Toyo University took the lead in the Tokyo-Hakone collegiate ekiden road relay on Wednesday after winning the race's first leg for the second year in a row.

Five runners from Toyo University, the 2014 champion and overall runner-up for the past three years, finished the front leg from Tokyo to Hakone, Kanagawa Prefecture, in 5 hours, 26 minutes, 31 seconds.

The first-day leaders, who ran the entire 107.5-km leg in second or better, go into Thursday's second and final leg 1 minute, 14 seconds ahead of Tokai University. Kokugakuin University placed third.

"I'm glad we were able to win the first leg for the second straight year," said Toyo University manager Toshiyuki Sakai. "Last year, we were only 36 seconds ahead (of the second-place team) but we have 74 seconds this time."

"The runners competing in the first five sections pulled off their best performance," he added.

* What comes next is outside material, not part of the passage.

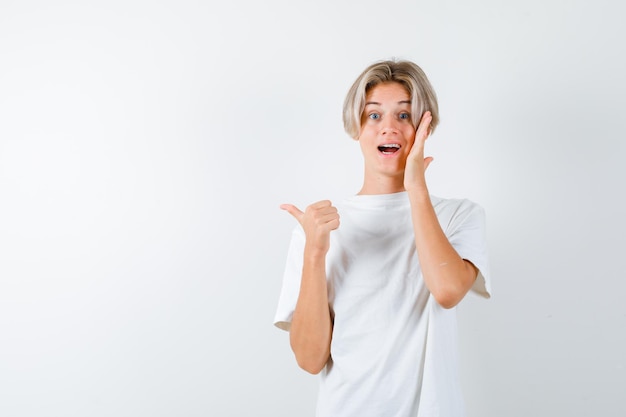 Foto grátis bonito rapaz adolescente com uma t-shirt branca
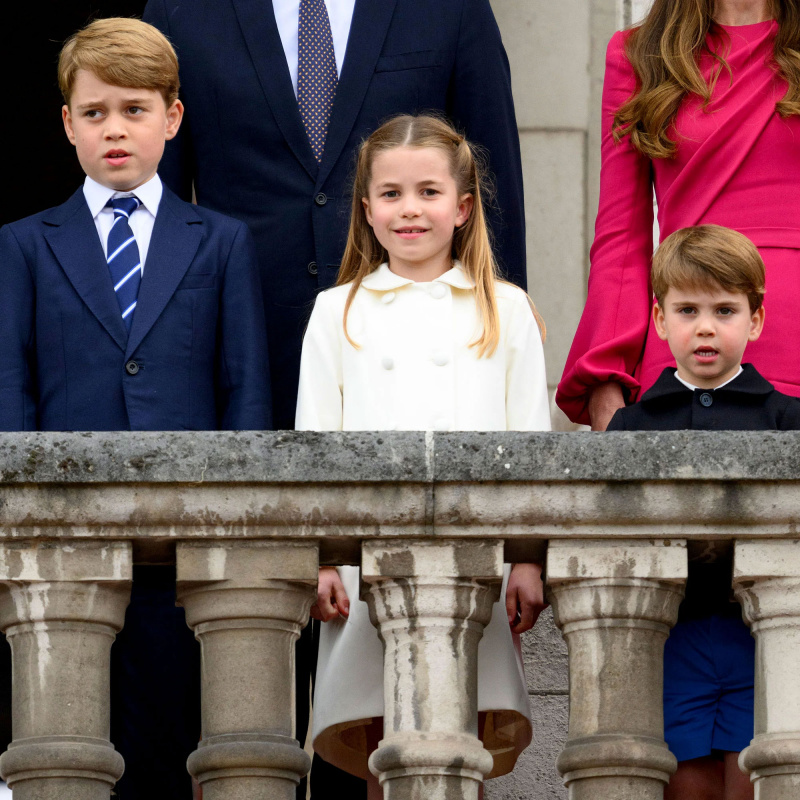  Príncipe George, princesa Charlotte e príncipe Louis começarão a nova escola juntos no próximo mês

Aoyama Gakuin University, which is aiming to become the third school in history to pull off a five-peat, held the lead after the third leg but finished sixth. The private Tokyo university has registered seven runners from last year's championship squad to their 16-member team this year.

Kazuya Nishiyama gave Toyo University an early one-second lead after finishing the first section in front for the second straight year.

Aoyama Gakuin captain Homare Morita filled in for the school's third scheduled runner and rewrote the section's record to bring the university from behind in eighth place into first.

But the defending champions fell back again when Toyo's Akira Aizawa broke the fourth section's record to reclaim the lead, and Ryusei Tanaka closed out the first leg on top and put his team in prime position for its first championship in five years.